Now, the version number that shows in the pip list of installed packages will be 3.0 whether they installed fonttools yesterday or in August 2015. But almost 1000 commits have passed since then, and everybody knows this is no longer the same fonttools. Lots of new features were added, bug fixed, possibly even APIs broken, but the version always stays the same.
There is no way to know, once the package is installed, what is the "real" version, besides the one in the metadata which is stuck at 3.0 anyway.

It's not just users that can't tell what-the-fonttools they are being using, but other developers as well are put into an un uncomfortable situation. They would like to use fonttools (the library) in their own tools, but they can't simply add it to their install_requires like they do with any other python package in the world. This would give them a too old "version". So they have to tell their users that, in order to run their tools, they first need to install something called fonttools, explain to them that they can't get the one from PyPI, but "Behdad's fonttools... The one from Github!". (and they also try to make this look cool).

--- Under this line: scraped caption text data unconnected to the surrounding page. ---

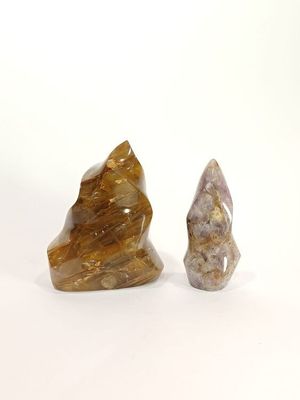 deux morceaux de roche posés sur une surface blanche, sur fond blanc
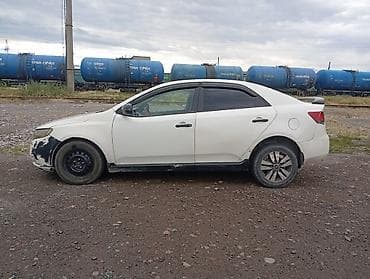 Kia Cerato: 2012 г., 1.6 л, Автомат, Бензин, Седан — 6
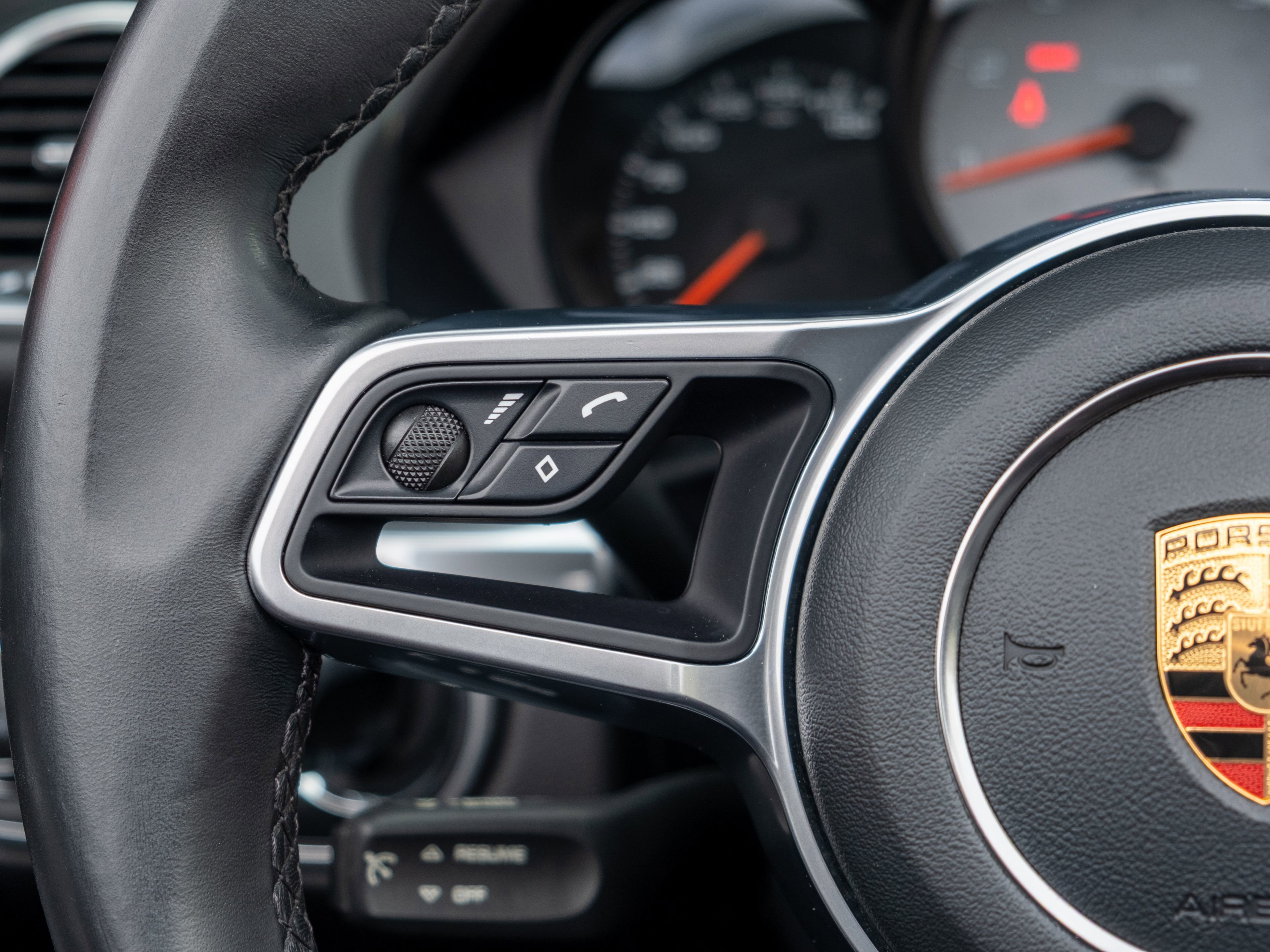 Certified 2020 Porsche 718 Boxster S RWD image 21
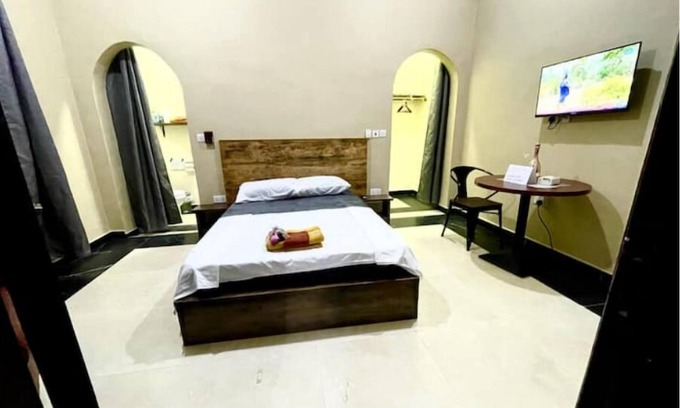 Ashaiman Apartment | Deluxe ensuite apartment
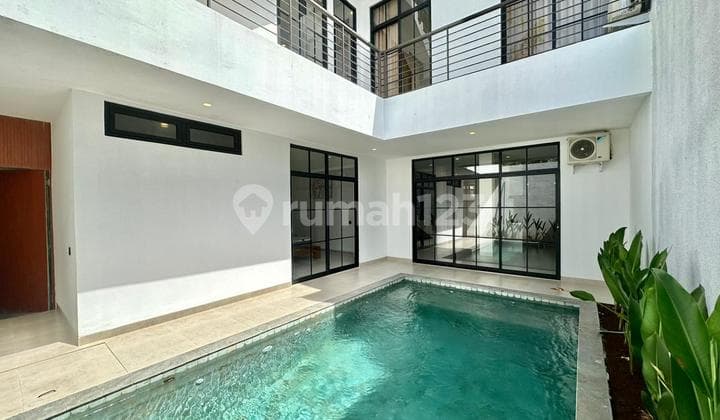 For Sale & Rent Exclusive Modern Villa In The Heart Of Mertanadi, Seminyak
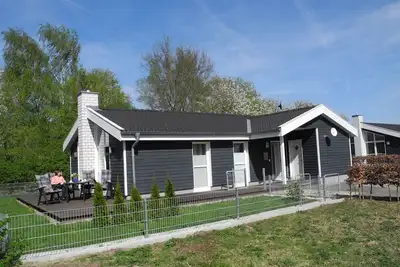 Image de Belle maison de vacances dans le Seepark Nordhorn avec sauna, bain à remous et cheminée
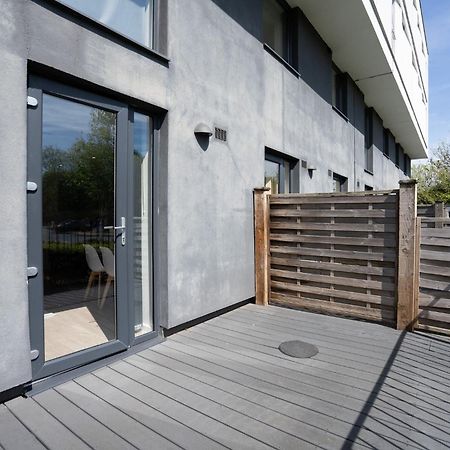 Serviced Apartments Nailsea Bagian luar foto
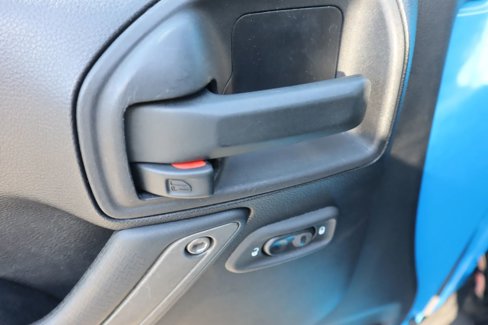 Used 2012 Jeep Wrangler Unlimited Sport image 17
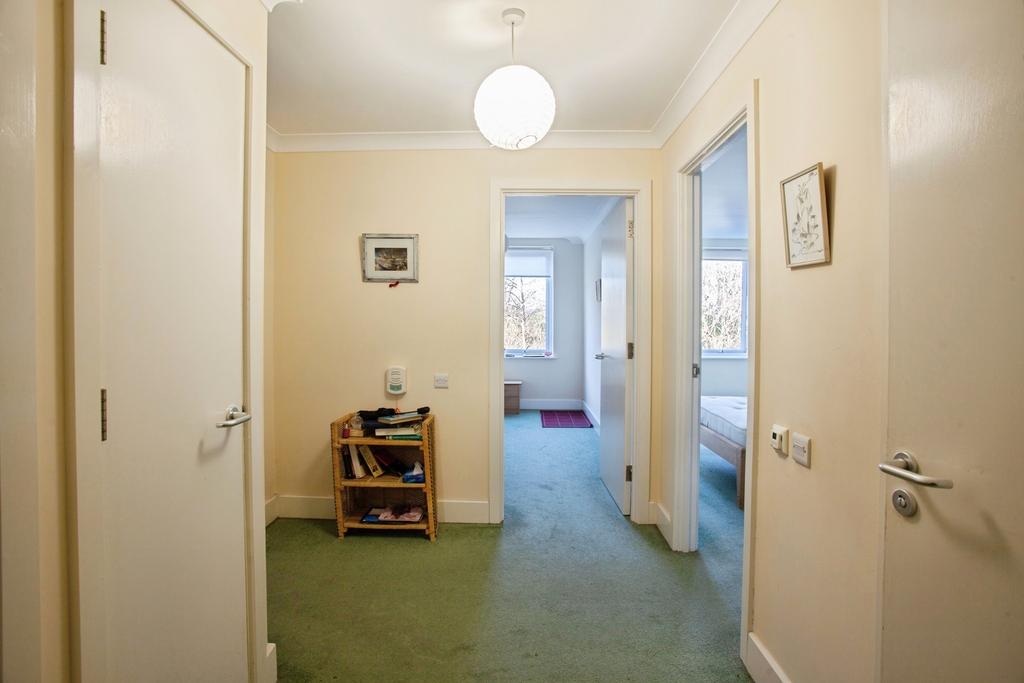 Apartment in Sheffield, South Yorkshire - View 3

Alternatively, they maintain monstrous "requirements.txt" files with several git urls of all the dependencies of the dependencies of the dependencies..., which the user is supposed to pip install -r.... Some duly decide to freeze the requirements at (not very human-friendly) specific commit hashes, which they update from time to time. Others simply give up, and point requirements to the url of the master branches. As soon as anything in the dependencies change, all their tests start to fail, or users complain that stuff is suddenly broken.

This situation is bad, and it can't go on like that forever.

The thing is, fonttools and all its sister projects are being used for production. They need to be deployed to users' machines or to servers to make fonts. These products must be reproducible. There has to be, and in fact there are, better way to distribute these packages which does not require doing all this mess.

The proposal to add a automated versioning tool like setuptools_scm, using Git to do what it can do best (i.e. keeping track of revisions, and getting the complete list of files under revision control), is a way to try solve this problem.

  • it frees us, developers, to make "bump version to 3.1.4" commits. The simple act of creating a git tag becomes the same as bumping the version.
  • if anyone installs from git source, they get a unique version string (which can be very useful when reporting bugs, for example), which actually makes sense, and is derived from the current status of the repository in relation to the last tagged release. It is not complicated! Even one who hasn't read PEP440 can tell the difference between 3.0.1.dev3 and 3.0, that the former is somewhat more recent but is not deemed stable yet. The rest of the numbers helps making that local copy identifiable (a shortened commit hash, a timestamp if installation was done from an unclean repository). We can argue of the necessity of the "micro" number or similar, but there is no doubt this would be so much better than the current confusion where 3.0 is not actually 3.0.
  • the act of tagging also automatically deploys the wheels to PyPI, where pip expects them to be. The option to install from git source was added as an aid in development, not as a means of deploying to users or for production. Once the library is on PyPI, it immediately enters the virtuous circle of automatic dependency tracking. "You want to use woff2? Just pip install fonttools[woff2] and done!". Currently, well.. you first need to know there is such an external requirement ("go figure it out from the import statements!"), then clone that repo, install a C++ compiler, etc...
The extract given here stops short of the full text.